The first is flange grease. Flanges are the lips of the wheels facing the inside of wheelsets that keep the train from derailing. Operators apply grease to flanges to ensure the flange does not climb over the rail and to protect the wheel and rail on curves—usually on the high, outside rail of a curve. This reduces noise and the coefficient of friction, improving fuel efficiency and protecting the components from wear.
Next, trains need to stop. Adhesion materials such as sand provide friction to parts of the track where trains need to stop. Automated systems carefully dollop out just enough to stop but not to damage the wheels and rails.

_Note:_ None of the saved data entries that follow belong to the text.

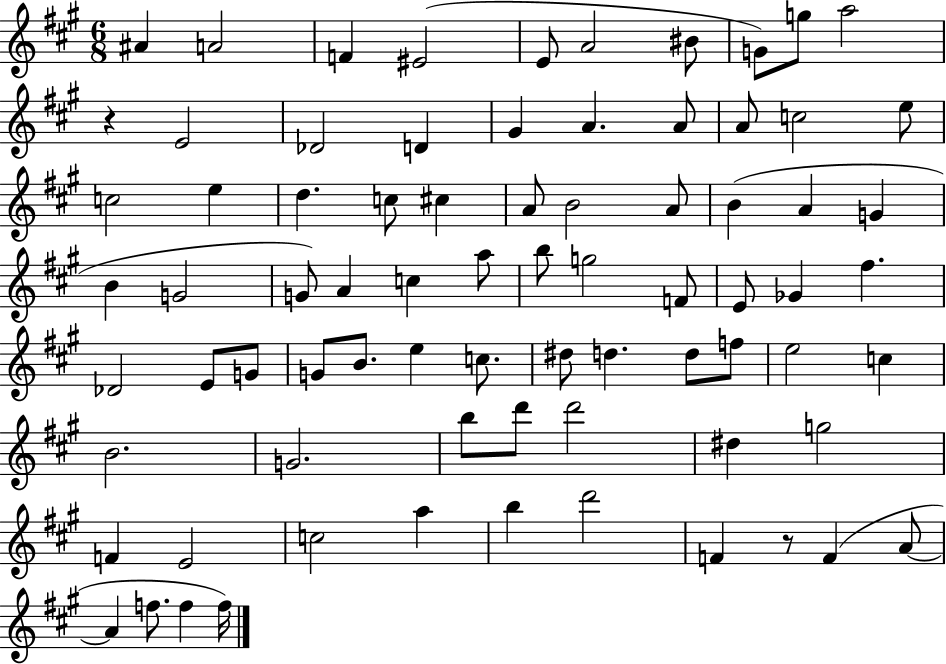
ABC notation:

X:1
T:Untitled
M:6/8
L:1/4
K:A
^A A2 F ^E2 E/2 A2 ^B/2 G/2 g/2 a2 z E2 _D2 D ^G A A/2 A/2 c2 e/2 c2 e d c/2 ^c A/2 B2 A/2 B A G B G2 G/2 A c a/2 b/2 g2 F/2 E/2 _G ^f _D2 E/2 G/2 G/2 B/2 e c/2 ^d/2 d d/2 f/2 e2 c B2 G2 b/2 d'/2 d'2 ^d g2 F E2 c2 a b d'2 F z/2 F A/2 A f/2 f f/4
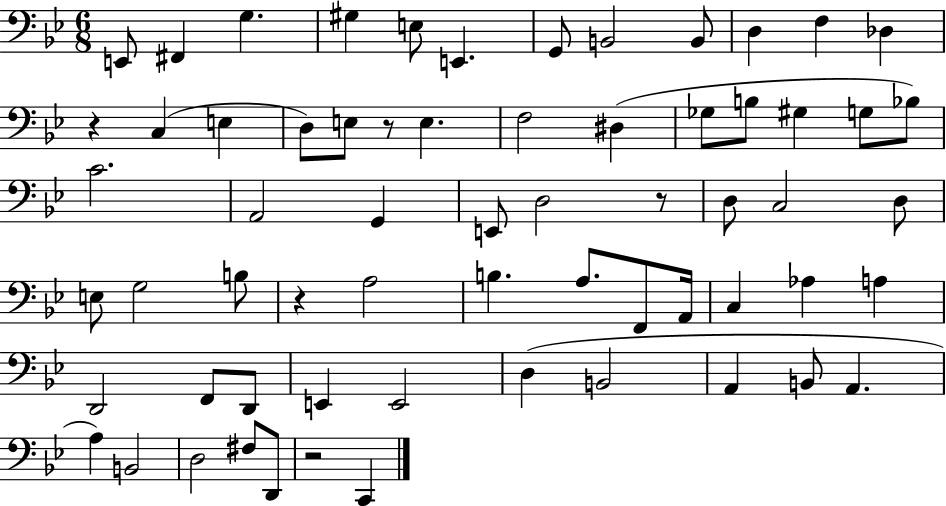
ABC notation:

X:1
T:Untitled
M:6/8
L:1/4
K:Bb
E,,/2 ^F,, G, ^G, E,/2 E,, G,,/2 B,,2 B,,/2 D, F, _D, z C, E, D,/2 E,/2 z/2 E, F,2 ^D, _G,/2 B,/2 ^G, G,/2 _B,/2 C2 A,,2 G,, E,,/2 D,2 z/2 D,/2 C,2 D,/2 E,/2 G,2 B,/2 z A,2 B, A,/2 F,,/2 A,,/4 C, _A, A, D,,2 F,,/2 D,,/2 E,, E,,2 D, B,,2 A,, B,,/2 A,, A, B,,2 D,2 ^F,/2 D,,/2 z2 C,,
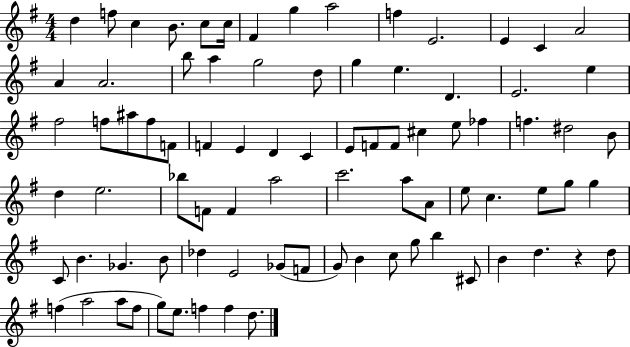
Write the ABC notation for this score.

X:1
T:Untitled
M:4/4
L:1/4
K:G
d f/2 c B/2 c/2 c/4 ^F g a2 f E2 E C A2 A A2 b/2 a g2 d/2 g e D E2 e ^f2 f/2 ^a/2 f/2 F/2 F E D C E/2 F/2 F/2 ^c e/2 _f f ^d2 B/2 d e2 _b/2 F/2 F a2 c'2 a/2 A/2 e/2 c e/2 g/2 g C/2 B _G B/2 _d E2 _G/2 F/2 G/2 B c/2 g/2 b ^C/2 B d z d/2 f a2 a/2 f/2 g/2 e/2 f f d/2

Top of rail materials can help with a particular problem for trains—leaves on the tracks. Although rain’s traction-dampening effects can be short lived, leaves squish down and build up on the tracks, making them slippery. UK train operators deal with the problem by altering timetables for passenger trains. That way they can run fewer trains and run them slower, making them easier to stop.
“Autumn costs us 300 million pounds a season,” says Chalisey.

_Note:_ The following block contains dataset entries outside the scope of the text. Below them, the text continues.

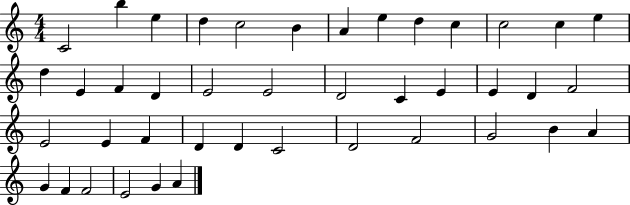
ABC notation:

X:1
T:Untitled
M:4/4
L:1/4
K:C
C2 b e d c2 B A e d c c2 c e d E F D E2 E2 D2 C E E D F2 E2 E F D D C2 D2 F2 G2 B A G F F2 E2 G A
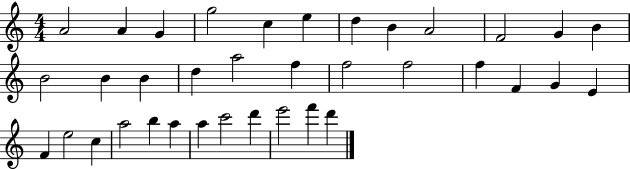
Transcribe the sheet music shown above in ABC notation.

X:1
T:Untitled
M:4/4
L:1/4
K:C
A2 A G g2 c e d B A2 F2 G B B2 B B d a2 f f2 f2 f F G E F e2 c a2 b a a c'2 d' e'2 f' d'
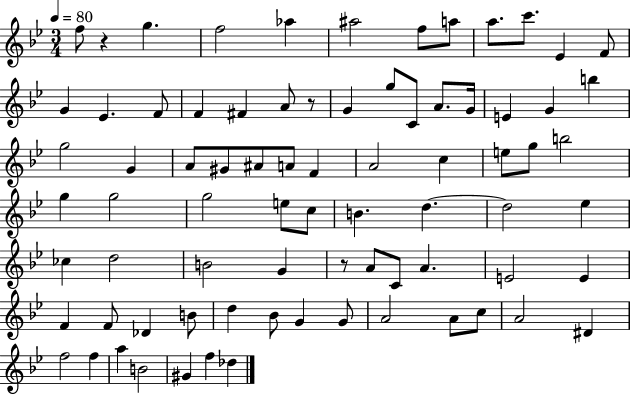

Top of rail lubricants also improve energy efficiency and help with noise. Because liquids can increase slipping and sliding, some systems squeeze liquid onto the rails that dries out and leaves solid particulates behind. These lubricants help manage the friction levels, but field testing these products is expensive because most operators don’t have test tracks.
“Top of rail materials have always had a long and difficult road in development,” says Chalisey. “Users and developers have to make sure they don’t lead to degradation in the safety of the railway.”

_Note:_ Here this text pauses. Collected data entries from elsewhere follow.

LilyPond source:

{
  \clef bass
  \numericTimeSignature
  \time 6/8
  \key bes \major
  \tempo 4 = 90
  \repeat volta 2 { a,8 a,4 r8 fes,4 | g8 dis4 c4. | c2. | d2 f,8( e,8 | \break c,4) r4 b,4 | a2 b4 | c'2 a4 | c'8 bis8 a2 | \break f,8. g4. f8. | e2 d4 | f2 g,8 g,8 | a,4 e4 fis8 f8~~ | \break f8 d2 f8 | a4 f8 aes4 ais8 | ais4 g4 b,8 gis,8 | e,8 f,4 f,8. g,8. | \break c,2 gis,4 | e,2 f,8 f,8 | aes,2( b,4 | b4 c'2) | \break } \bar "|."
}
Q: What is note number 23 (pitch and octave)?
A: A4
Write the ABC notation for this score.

Along with colleagues throughout Europe, RSSB is currently developing top of rail standards for use in the European Union. In the UK, product developers generally can’t afford to do field tests themselves because they have to “borrow” tracks and perform tests when passenger trains aren’t running. In the U.S., grease developers can go to Pueblo, Colo., to six miles of test tracks at the Transportation Technology Center Inc. owned by the American Association of Railroads (
3).
Chalisey says the RSSB, with the European Lubricating Grease Institute (ELGI), is examining the half-dozen top of rail products already approved for use and running performance tests to understand what good performance is and what it isn’t.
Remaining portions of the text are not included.